▶ Task to complete: Everything in the listing should be copied exactly, save for the pictures.

▶ Data excerpt:
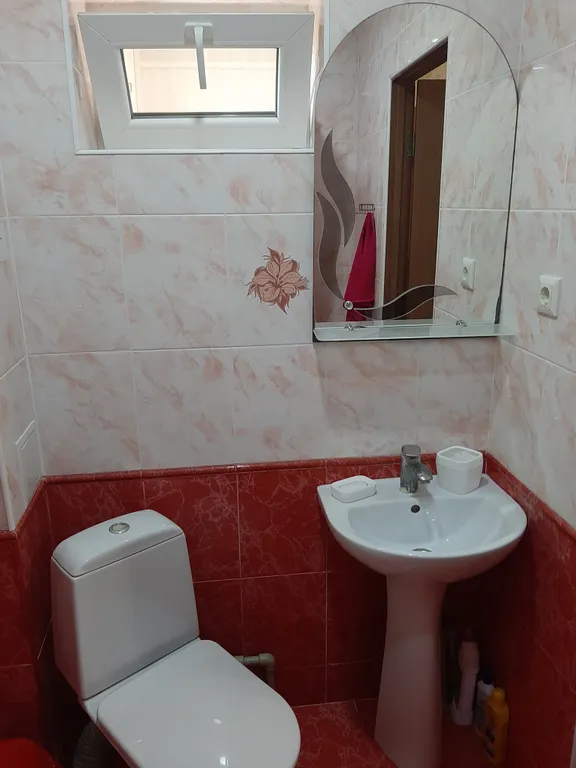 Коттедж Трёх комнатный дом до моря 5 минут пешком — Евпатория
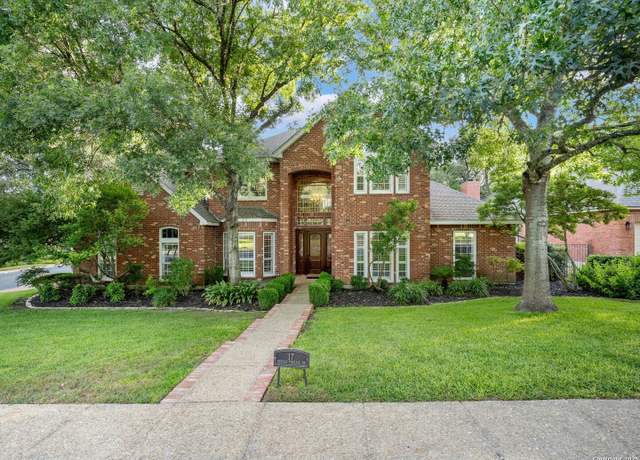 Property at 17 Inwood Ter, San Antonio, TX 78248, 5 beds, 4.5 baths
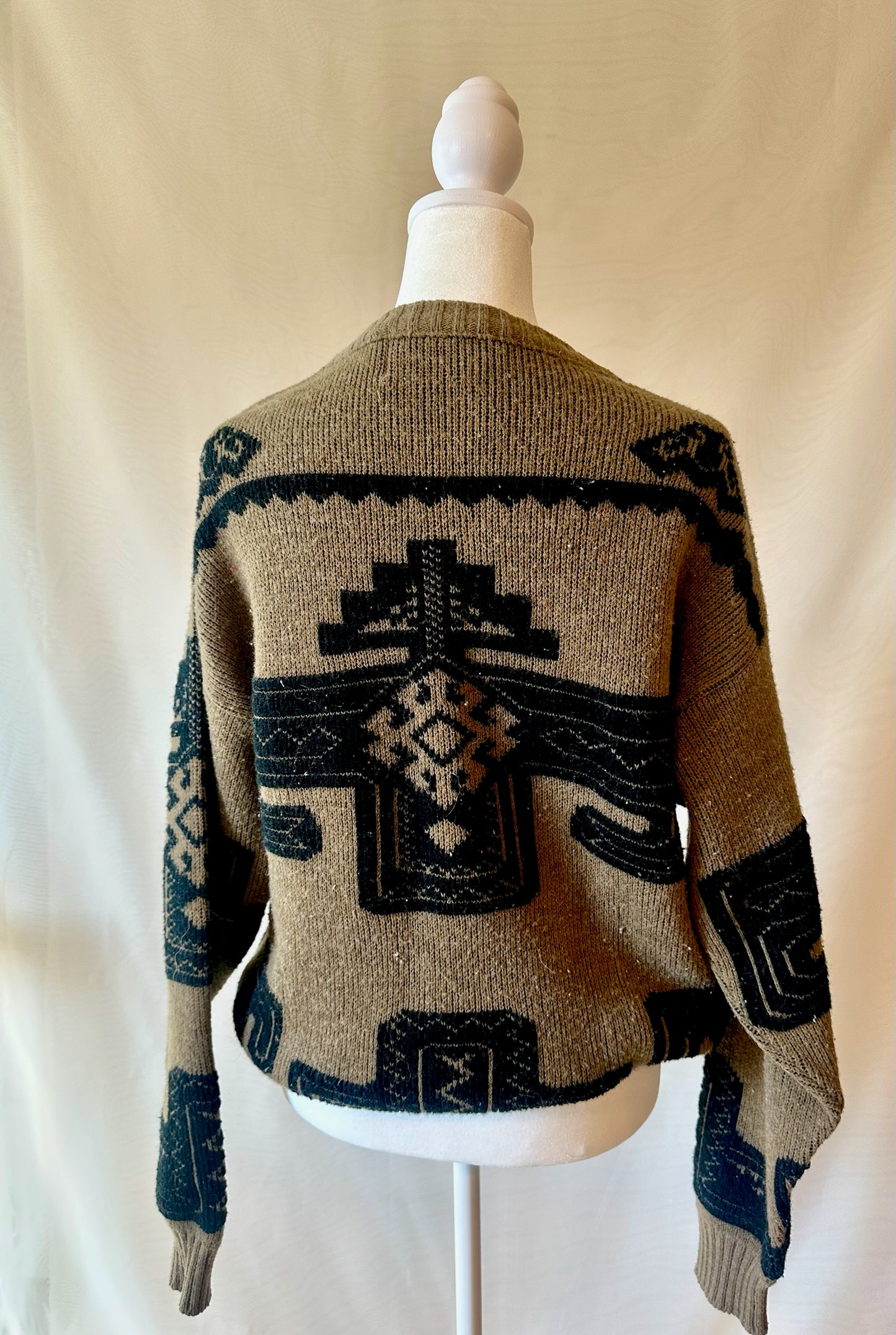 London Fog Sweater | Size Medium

▶ Solution below:
 Коттедж Трёх комнатный дом до моря 5 минут пешком — Евпатория
 Property at 17 Inwood Ter, San Antonio, TX 78248, 5 beds, 4.5 baths
 London Fog Sweater | Size Medium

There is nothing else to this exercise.